• _TASK BRIEF_: Using the listing below, set down exactly the lines from the one that contains "Ốp Điện Thoại" through the one that contains "White Our Lady", with no pictures.

• _EXTRACTED DATA_:
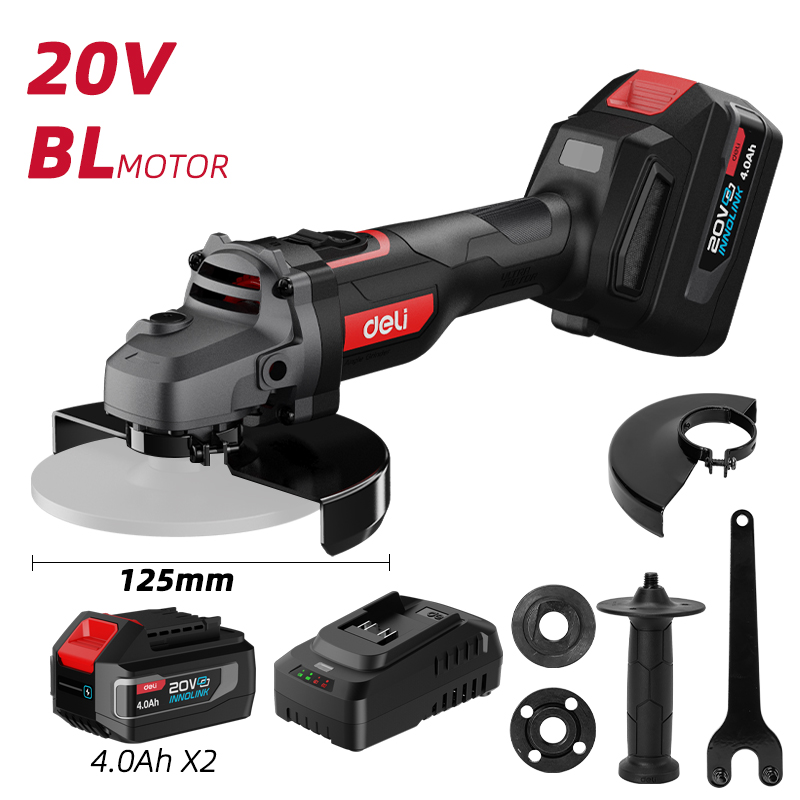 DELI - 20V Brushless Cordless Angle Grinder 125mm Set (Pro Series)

==

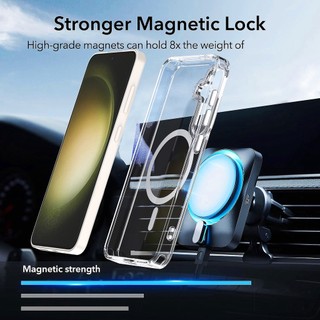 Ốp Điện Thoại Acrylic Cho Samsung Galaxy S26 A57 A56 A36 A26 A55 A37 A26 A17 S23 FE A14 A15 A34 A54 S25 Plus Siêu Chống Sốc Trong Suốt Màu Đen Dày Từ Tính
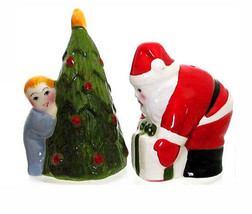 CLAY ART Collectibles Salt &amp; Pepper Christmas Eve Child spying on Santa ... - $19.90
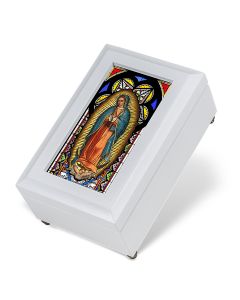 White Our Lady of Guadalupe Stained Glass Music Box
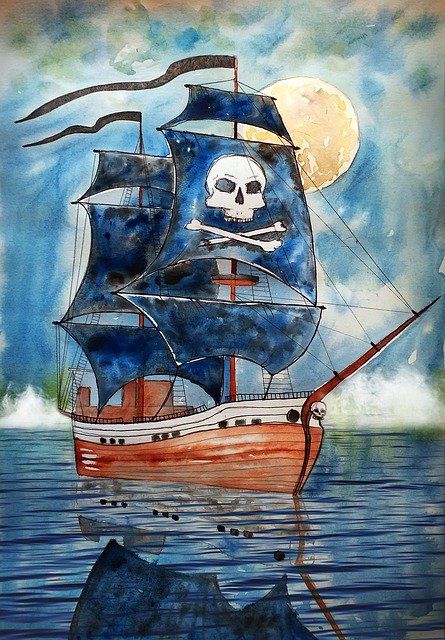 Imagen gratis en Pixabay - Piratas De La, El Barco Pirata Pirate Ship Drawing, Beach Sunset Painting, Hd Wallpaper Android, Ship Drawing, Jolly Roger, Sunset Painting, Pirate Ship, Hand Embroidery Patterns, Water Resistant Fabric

* * *

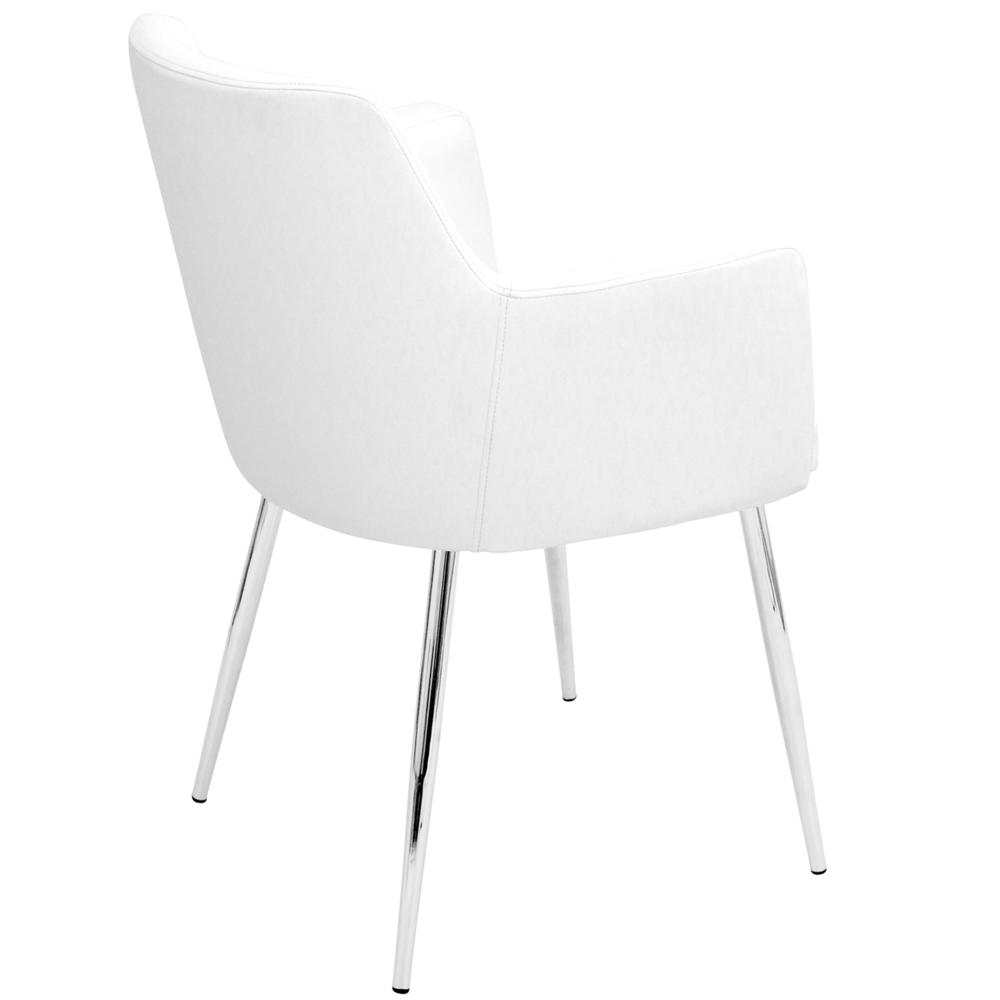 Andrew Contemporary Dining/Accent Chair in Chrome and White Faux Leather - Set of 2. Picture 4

• _ANSWER SPACE_:
 Ốp Điện Thoại Acrylic Cho Samsung Galaxy S26 A57 A56 A36 A26 A55 A37 A26 A17 S23 FE A14 A15 A34 A54 S25 Plus Siêu Chống Sốc Trong Suốt Màu Đen Dày Từ Tính
 CLAY ART Collectibles Salt &amp; Pepper Christmas Eve Child spying on Santa ... - $19.90
 White Our Lady of Guadalupe Stained Glass Music Box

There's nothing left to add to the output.